WHAT YOU HAVE TO DO: In the data below, restate exactly the lines from the one with "MONEDA de ORO" to the final line, both included, but not the pictures.

LISTED RECORDS:
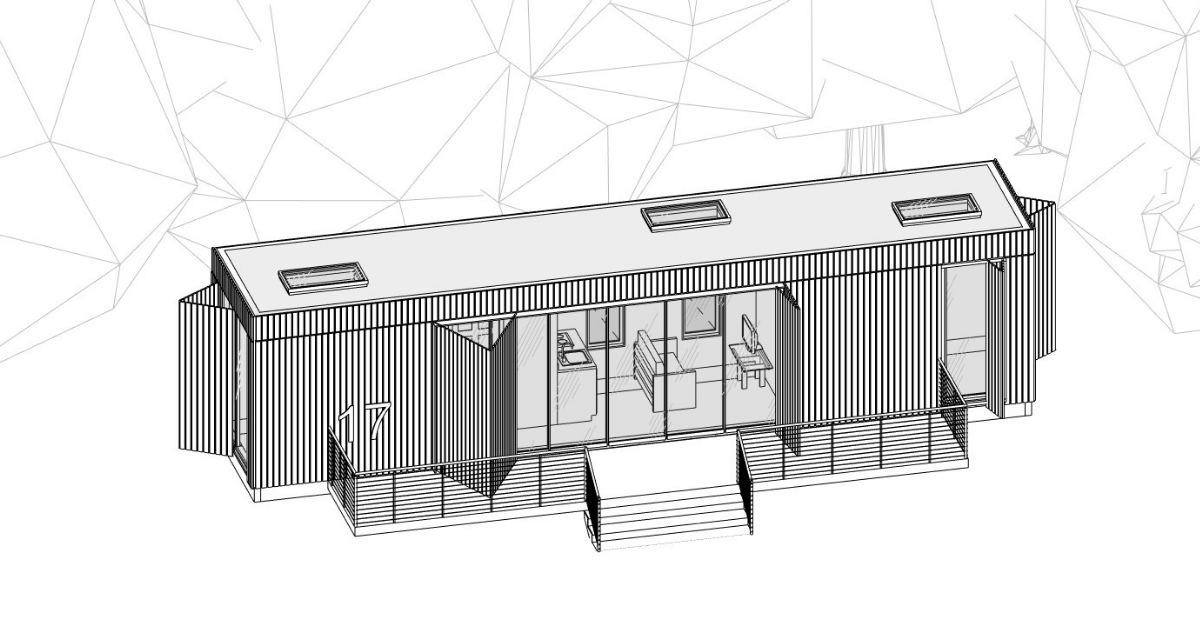 A black and white drawing of a building on a white background.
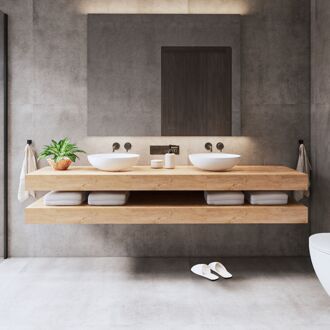 Wastafelbladset Gliss Design Topdek 2x 180x46 cm Ruw Gerookt Incl. 8 Ophangbeugels Met Waskommen Bruin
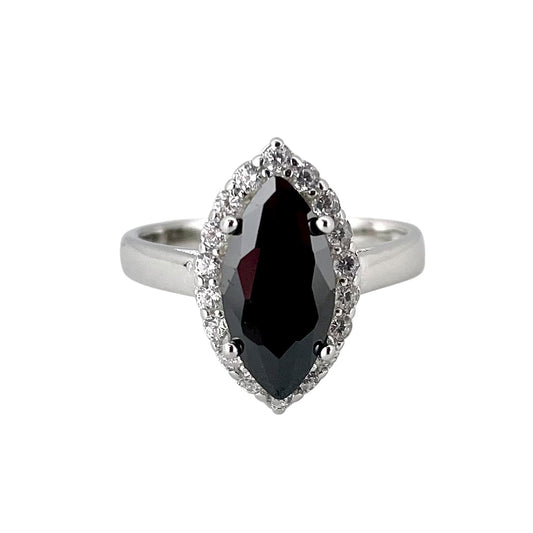 CZ Stone Pointed Oval Ring Sterling Silver
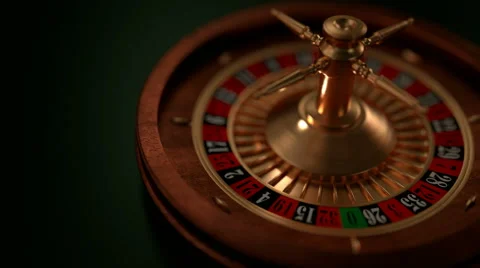 Roulette Wheel spinning from 3/4 view in a loop.  3D Animated Stock Footage 42767119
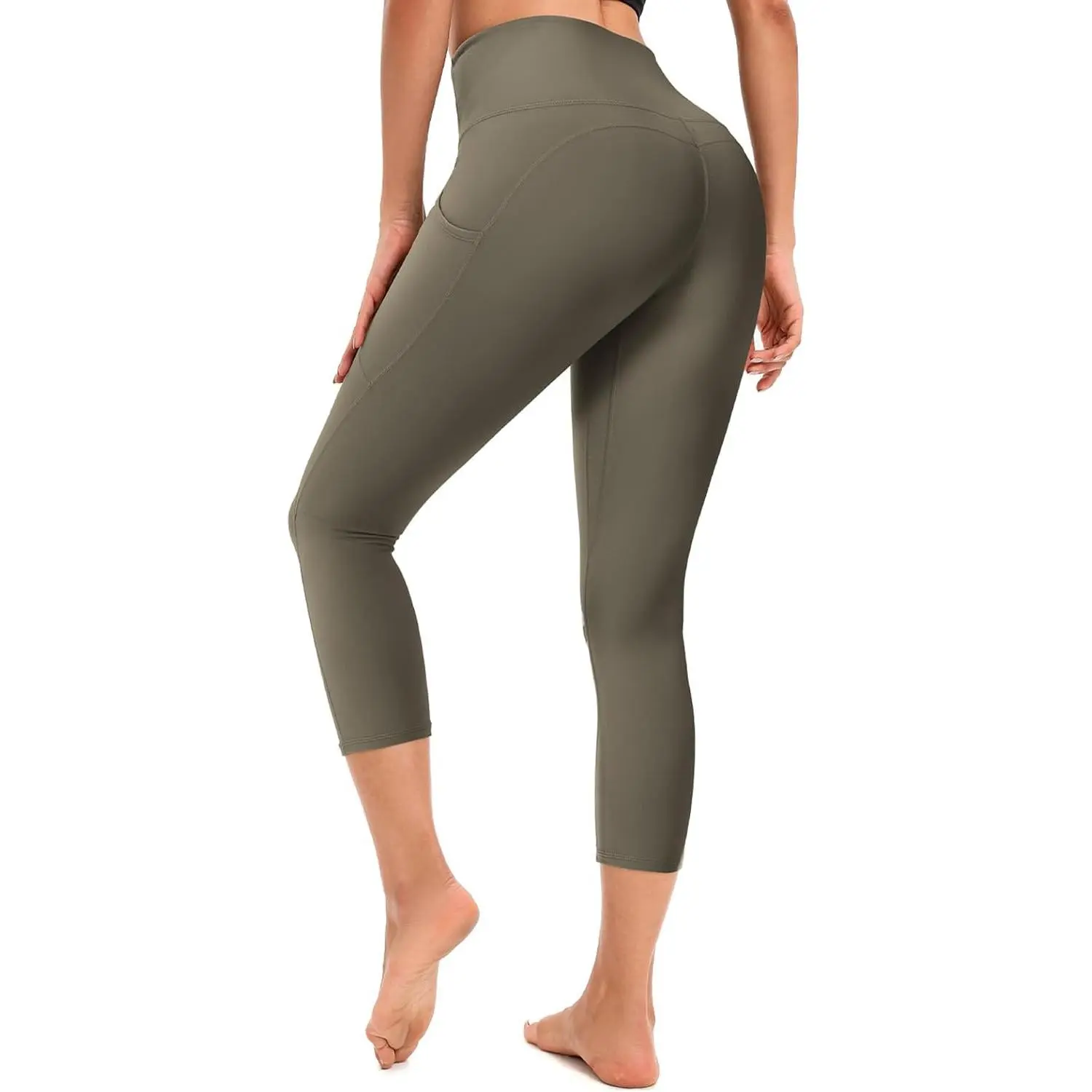Leggings for Women, Upgraded High Waist Capri Yoga Leggings Workout Running Tummy with Pockets for Women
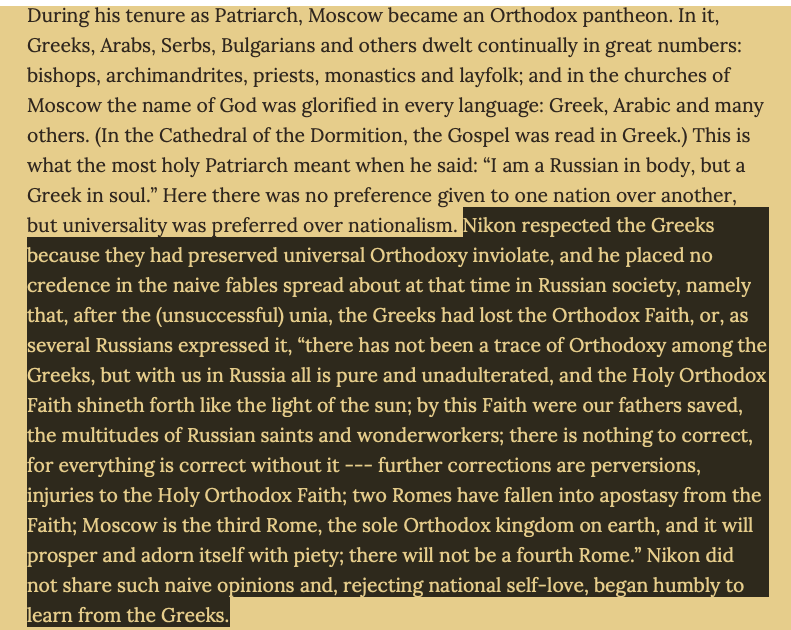 <a href="/RomeInTheEast/">ShadowsOfConstantinople</a> we re-live this situation these days (slandering against the Greeks) but instead of Nikon there's a Kiril trueorthodoxy.org/teachings/cat_… Church history is important!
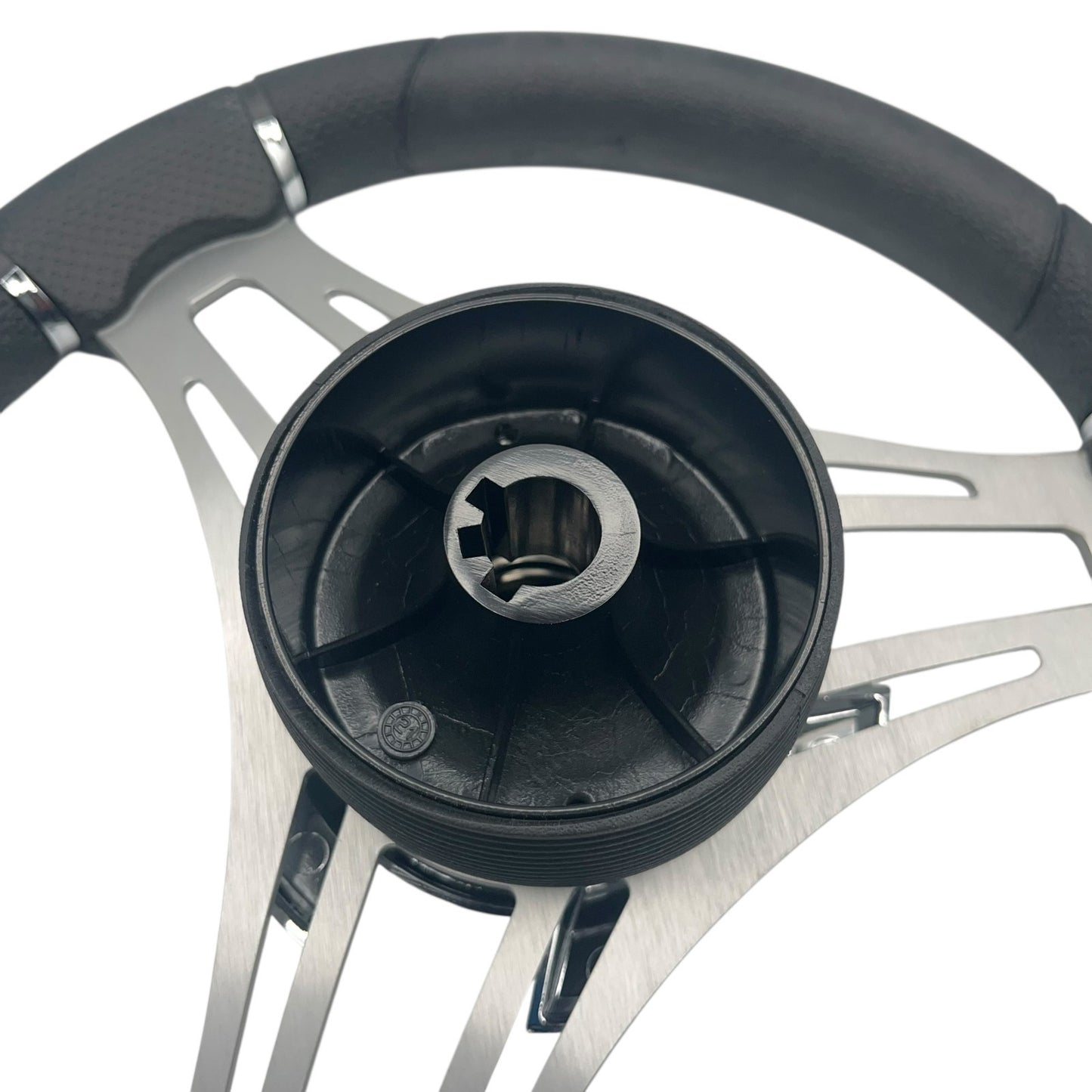 Verona Boat Steering Wheel Gray Brushed Aluminum Spokes | Starcraft Boats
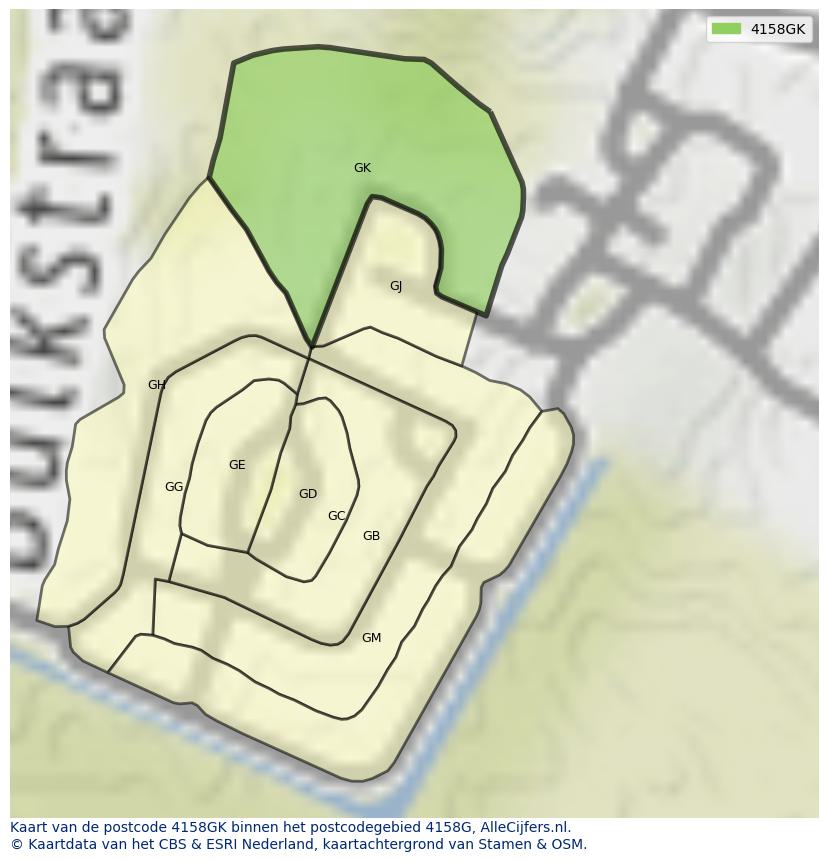 Afbeelding van het postcodegebied 4158 GK op de kaart.
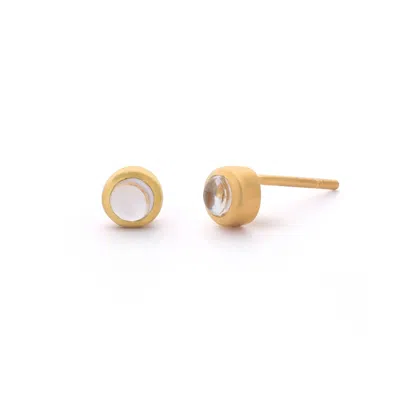 Nellou Jewellery Women's Neutrals Crystal Gem Dot April Birthstone Earrings Gold Plated Sterling Silver
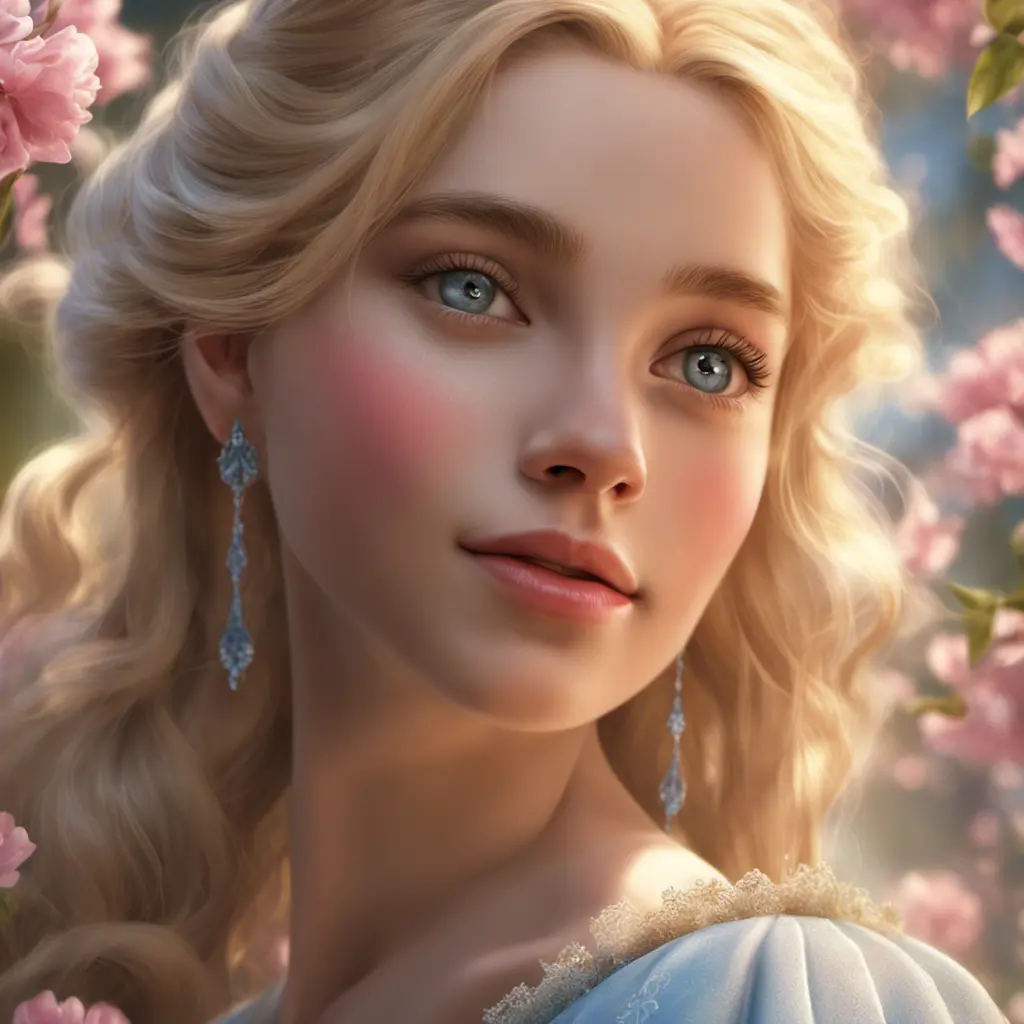 Cinderella, Atmospheric, High Definition, Highly Detailed, Hyper Detailed, Intricate Artwork, Intricate Details, Masterpiece, Ultra Detailed, Closeup of Face, Half Body, Beautiful, Gorgeous, Unimaginable Beauty, Blonde Hair, Large Eyes, Perfect Face, Pretty Face, Rosy Cheeks, Small Nose, Smiling, Matte Painting, Spring, Sunny Day, Sharp Focus, Centered, Beautifully Lit, Closeup Portrait, Portrait, Fantasy, Colorful, Vivid by Stefan Kostic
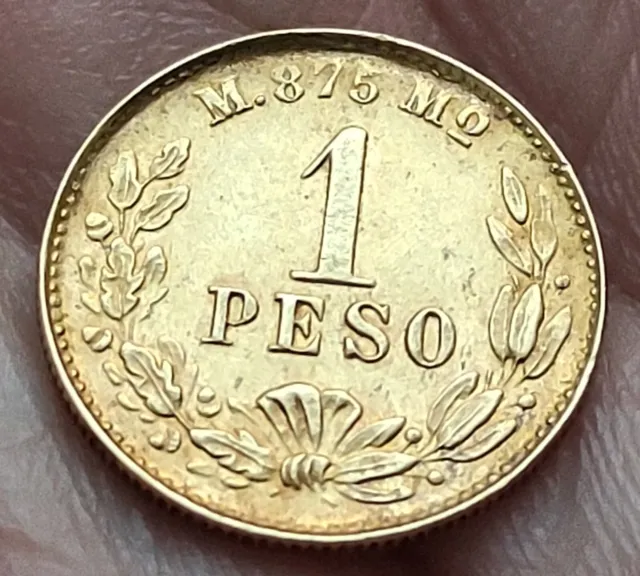 @LARGE DATE@ MEXICO 1 PESO 1902 Mo M Republica GOLD COIN KM.410 MONEDA de ORO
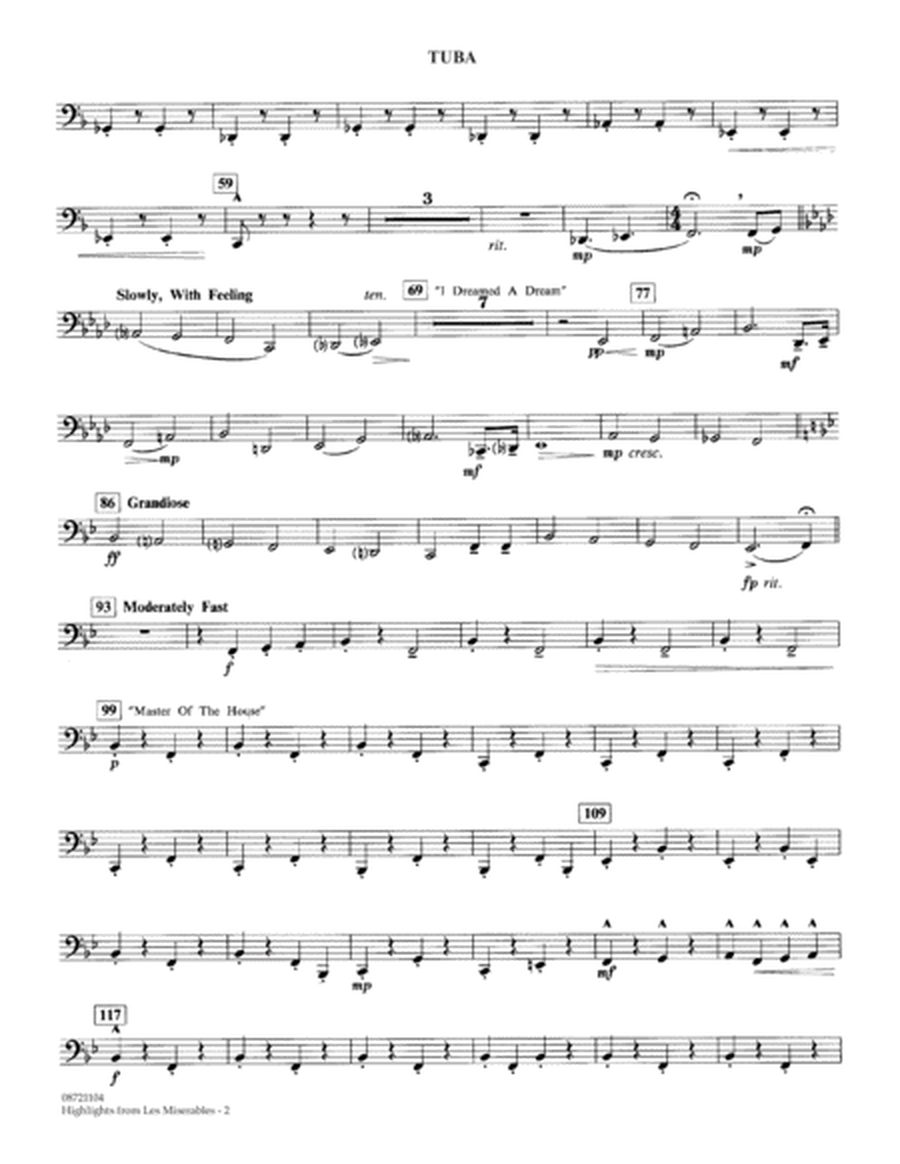 Highlights from Les Misérables (arr. Johnnie Vinson) - Tuba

WRITTEN RESPONSE:
 @LARGE DATE@ MEXICO 1 PESO 1902 Mo M Republica GOLD COIN KM.410 MONEDA de ORO
 Highlights from Les Misérables (arr. Johnnie Vinson) - Tuba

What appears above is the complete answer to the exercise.